Eanger Irving Couse was an American artist and a founding member and first president of the Taos Society of Artists. He is noted for paintings of Native Americans, New Mexico, and the American Southwest. His house and studio in Taos have been preserved as the Eanger Irving Couse House and Studio—Joseph Henry Sharp Studios, which is listed on the National Register of Historic Places and the New Mexico Register of Cultural Properties.

After his return to the United States, Couse first lived in New York. He spent time in Taos, New Mexico during the summers. At the turn of the 19th century, the Southwest, and New Mexico in particular, attracted numerous artists and writers because it remained untouched by national expansion efforts dictated by the American policy of Manifest Destiny. The artists and writers of this era wanted to capture the last vestiges of the Old West before it disappeared altogether. During his time in New Mexico, Couse studied and painted the lives and culture of the Taos Indians, a Pueblo tribe. He began to show his paintings of Native American life and earned his first solo show in 1891.

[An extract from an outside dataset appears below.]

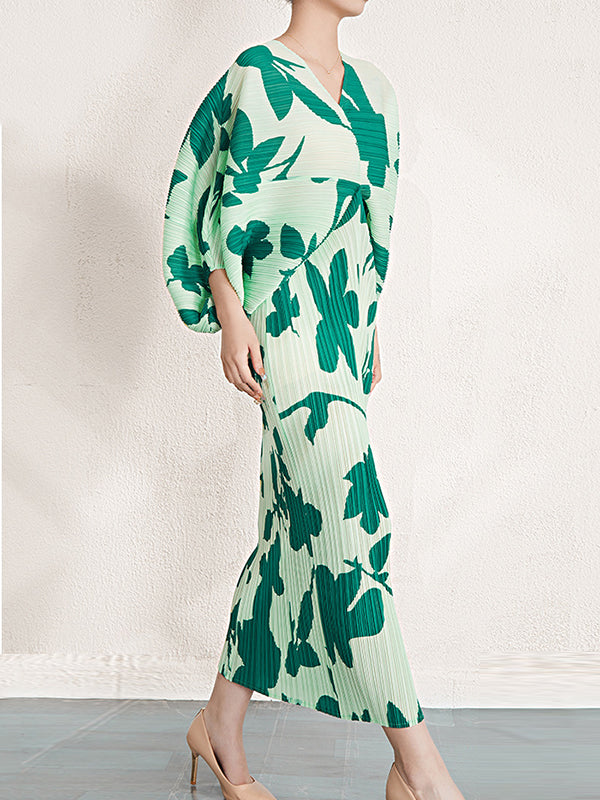 Batwing Sleeves Loose Pleated Printed V-neck Midi Dresses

In 1911 Couse was elected to the National Academy of Design. He also became active in the Taos art colony. In 1915, Couse was one of the six founding members of the Taos Society of Artists, and was elected first president. Another founding member was the artist J. H. Sharp, who adapted a chapel near Couse’s house as a studio. Later Sharp built a combined house and studio on the land. The adjacent properties are recognized jointly as the Couse/Sharp Historic Site, and are preserved and operated by the Couse Foundation.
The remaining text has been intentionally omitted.